L'attractivité différenciée des territoires peut se corriger par la modulation du temps de service. Dans les établissements difficiles, où les élèves vivent dans un environnement qui n'est pas tourné vers l'apprentissage des connaissances et des compétences, on passe plus de temps à faire autre chose que cours, ce qui est fatigant. L'accompagnement passe par la modulation du temps de service ainsi que des rémunérations, notamment au travers des indemnités accessoires, car, comparé au système de la fonction publique, le système des enseignants accuse un écart très important.

L'évaluation individuelle des besoins des élèves pour réformer l'allocation des moyens n'est pas une révolution. Elle se pratique couramment à l'étranger, en particulier en l'Allemagne et dans l'Ontario. Il n'appartient pas à la Cour de déterminer le contenu des tests, mais c'est bien à partir de tests objectifs, pilotés à l'échelon national et appliqués dans chaque classe de chacun des établissements, qu'on va mesurer la difficulté scolaire, donc la marche à franchir, et allouer les moyens en conséquence. Notre fonction n'est pas d'aller sur le terrain pédagogique, mais de trouver les solutions permettant de faire respirer le système et de mieux l'adapter aux besoins des élèves. C'est la fin de la logique de l'uniformité.

Le mouvement « Mutez-nous » est le résultat, que nous décrivons de manière très précise, des inerties et des contraintes du système actuel d'affectation, qui ne doit pas être réformé à la marge mais très profondément, bien sûr en prenant le temps du diagnostic et de la concertation. C'est bien vers une évolution globale, qui repose sur le profil d'un enseignant et son adhésion à un projet d'école, qu'il faut tendre.

L'allocation des moyens par le ministère de l'éducation nationale prend en compte un certain nombre de critères.

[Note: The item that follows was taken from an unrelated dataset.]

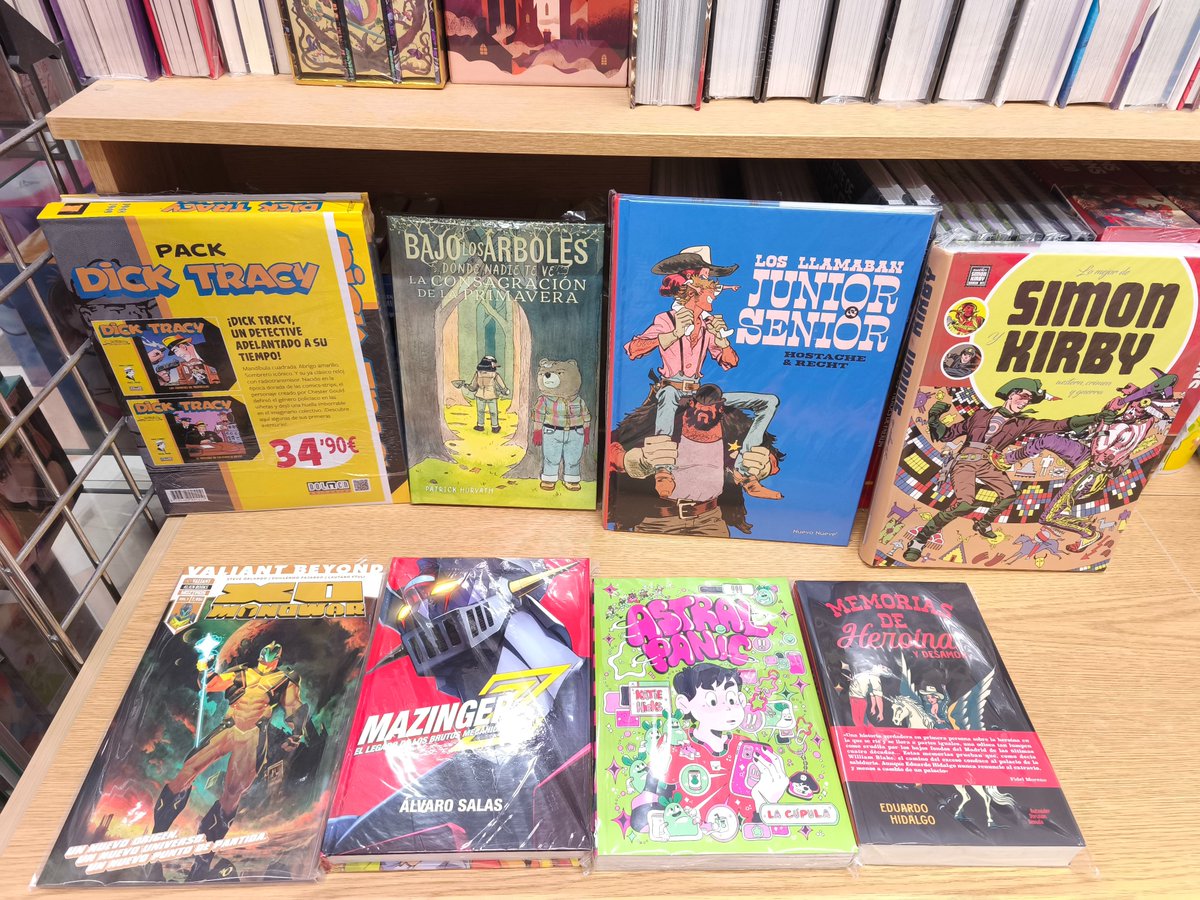 La_Orda's tweet photo. Novedades de cómic americano y europeo a la venta en La Orda 🙂
#comics #novelagrafica #tiendadecomics #tiendadecomicsdevalencia #laorda https://t.co/v2R69KxYmb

Pour les besoins du rapport sur l'orientation en fin de collège, nous avions établi des monographies précises sur trois académies qui ont montré que la difficulté scolaire n'est pas uniquement caractérisée en fonction de l'origine socioéconomique. Il y a là un défaut de connaissance statistique qui permettrait de répondre précisément à la question.

S'agissant des moyens permettant de mieux encadrer les enseignants, une de nos recommandations consiste à mettre en commun des moyens aujourd'hui dispersés. C'est là que la mutualisation dans les petits établissements est pertinente. En raisonnant au niveau du bassin de proximité, on peut mettre en commun des moyens de support pour rendre une allocation plus efficiente, organiser des échanges pour éviter des pertes en ligne d'un enseignant qui va professer sur une option et qui n'aurait pas la totalité des heures correspondant à ses obligations réglementaires de service. On peut faire beaucoup de choses, comme permettre à des professeurs des écoles d'enseigner dans des collèges, et réciproquement, à des professeurs de langue d'enseigner en fin du premier degré. Plus de fongibilité, c'est plus de facilité.

Nous avons bien compris que la bivalence est un sujet sensible pour les organisations syndicales. Mais n'oublions pas que 375 disciplines dont 272 inscrites à l'emploi du temps des élèves, c'est autant d'ouvertures de concours, donc de recrutement d'enseignants pour quarante ans de carrière et vingt ans en moyenne de retraite. En raisonnant uniquement en disciplines universitaires, les moyens sont extrêmement contraints. Là aussi, les exemples étrangers montrent qu'il est possible d'associer plusieurs disciplines au choix. Cela existe chez nous, avec l'histoire et la géographie alors que ce sont deux disciplines universitaires très différentes, et les professeurs d'enseignement général dans les lycées professionnels. Le saut ne serait pas gigantesque, et une transition progressive pourrait être envisagée, d'abord au collège puis au lycée.